Work to complete → Starting from the line that holds "φωτογραφία 1 Volvo", output exactly each line through the end of the listing. Do not copy pictures.

Data provided →

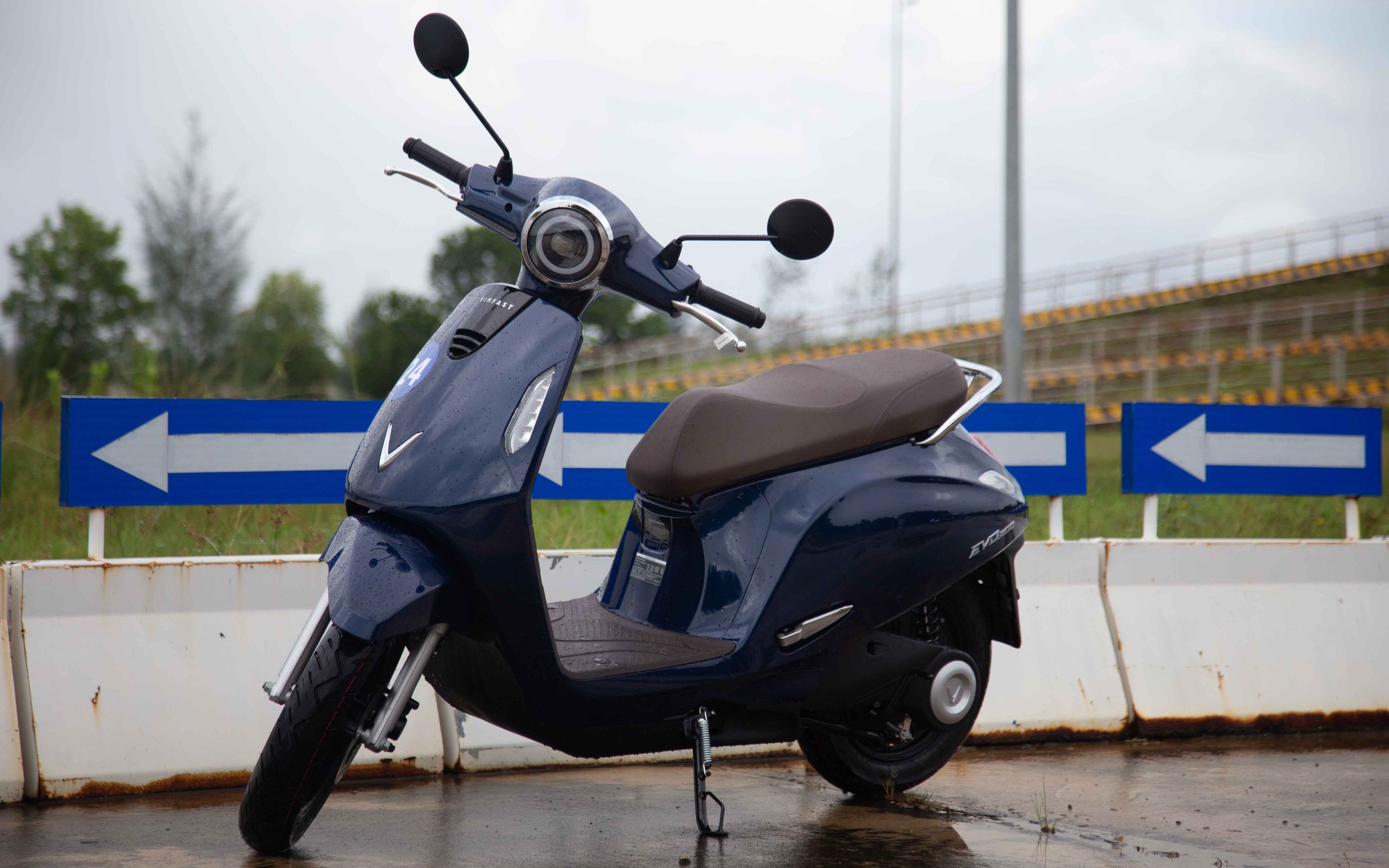 Sau trải nghiệm "hãi hùng" ở Đà Lạt, chủ xe Trung Quốc thổ lộ: Xe ổn nhưng như bị "đem con bỏ chợ" - Ảnh 6.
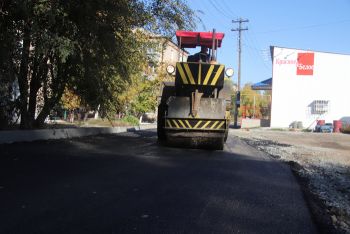 В Еманжелинске заасфальтировали проезд на улице Бажова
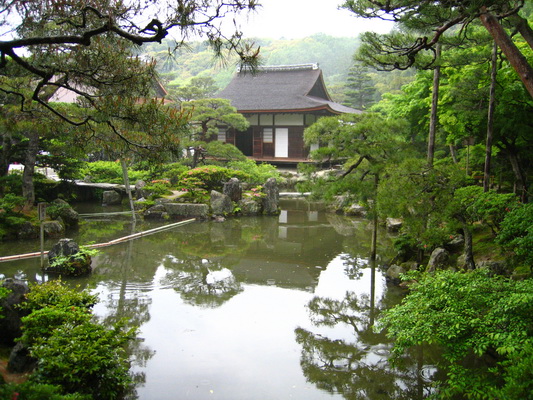 23. 5. 2006 13:21:48: Japonsko 2006 - Kyoto - chrám Ginkaku-ji (Terka)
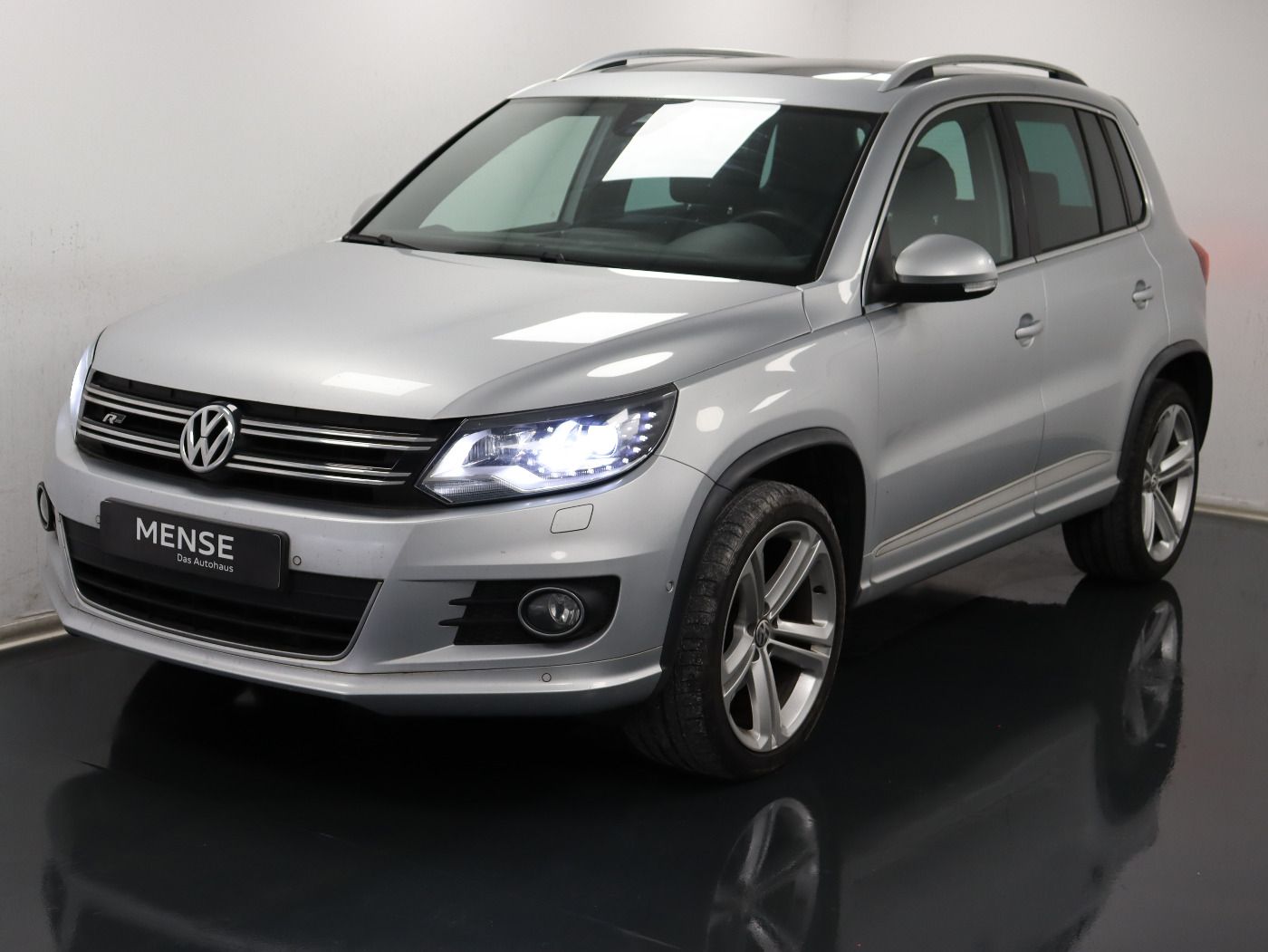 Fahrzeugabbildung Volkswagen Tiguan 2.0 TDI BMT 4Motion Sport & Style AHK|SD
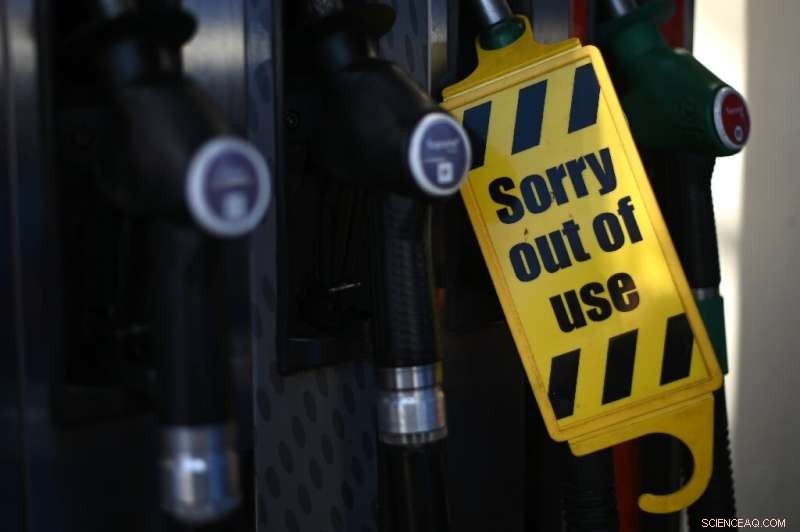 UK Government Urges Calm Amidst Fuel Station Closures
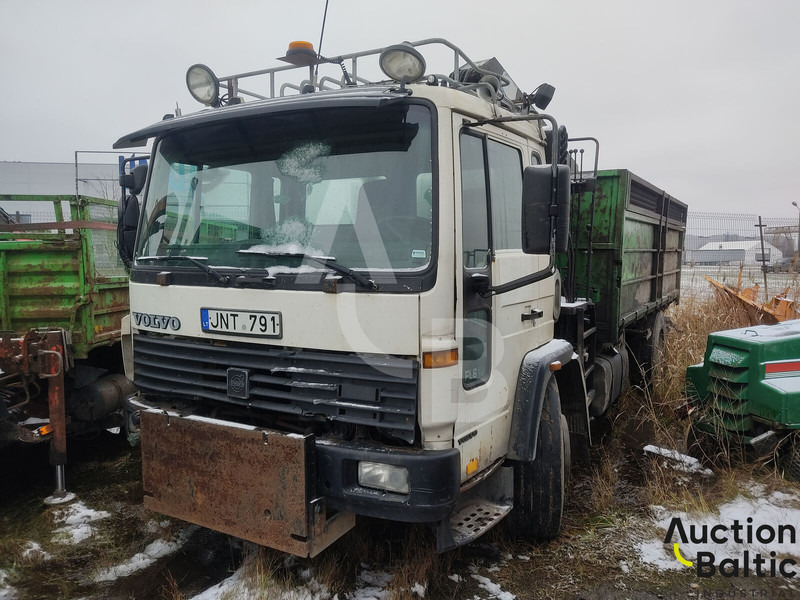 Volvo FL618 - Φορτηγό ανατρεπόμενο, Φορτηγό με γερανό: φωτογραφία 1 Volvo FL618 - Φορτηγό ανατρεπόμενο, Φορτηγό με γερανό: φωτογραφία 1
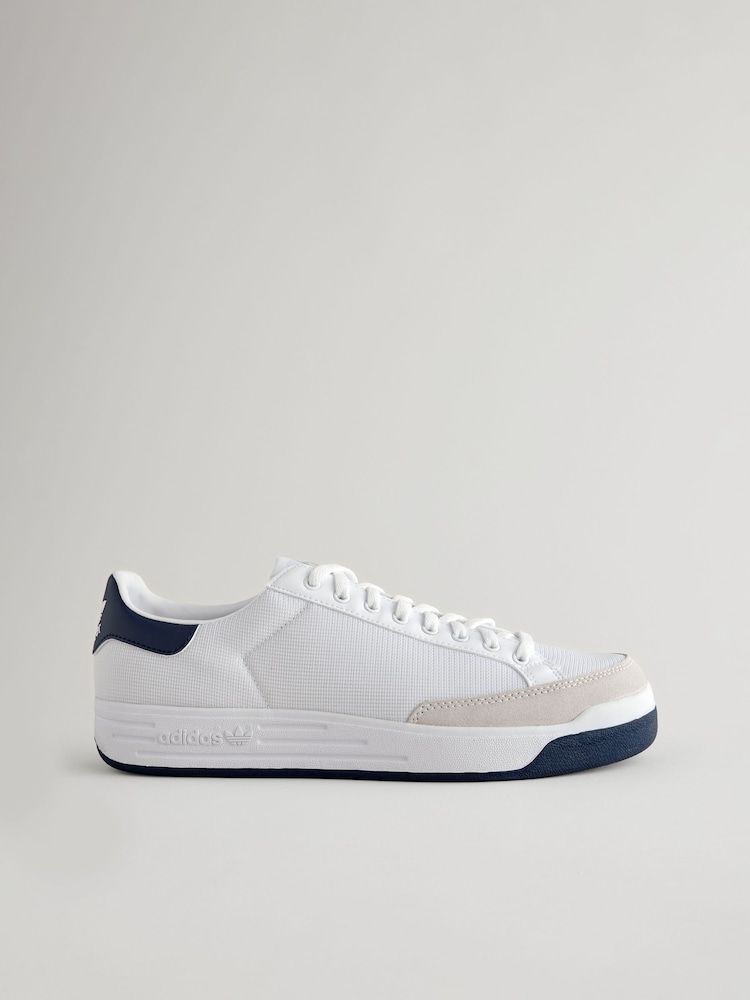 adidas Originals Off White Rod Laver Trainers - Image 2 of 5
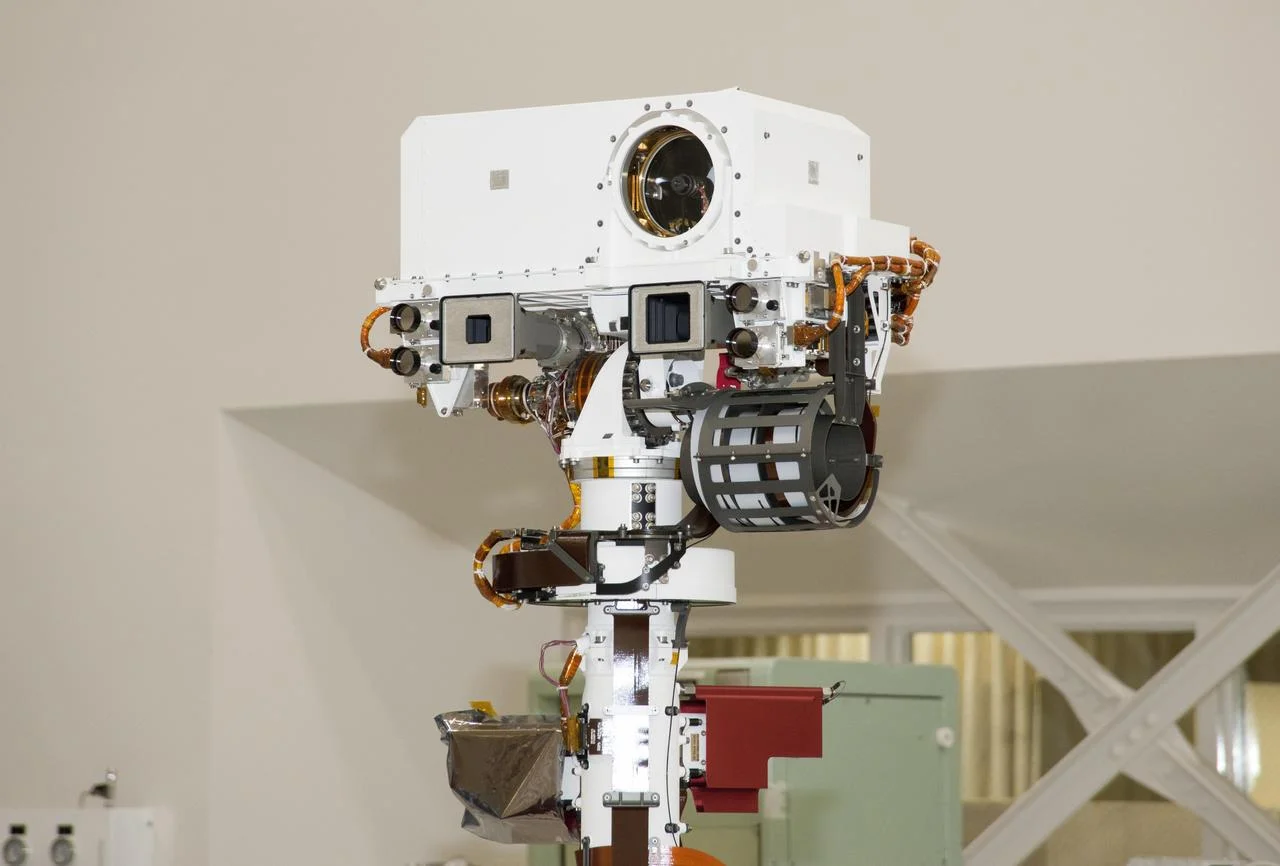 Curiosity explorando el terreno marciano.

Solution for this task →
 Volvo FL618 - Φορτηγό ανατρεπόμενο, Φορτηγό με γερανό: φωτογραφία 1 Volvo FL618 - Φορτηγό ανατρεπόμενο, Φορτηγό με γερανό: φωτογραφία 1
 adidas Originals Off White Rod Laver Trainers - Image 2 of 5
 Curiosity explorando el terreno marciano.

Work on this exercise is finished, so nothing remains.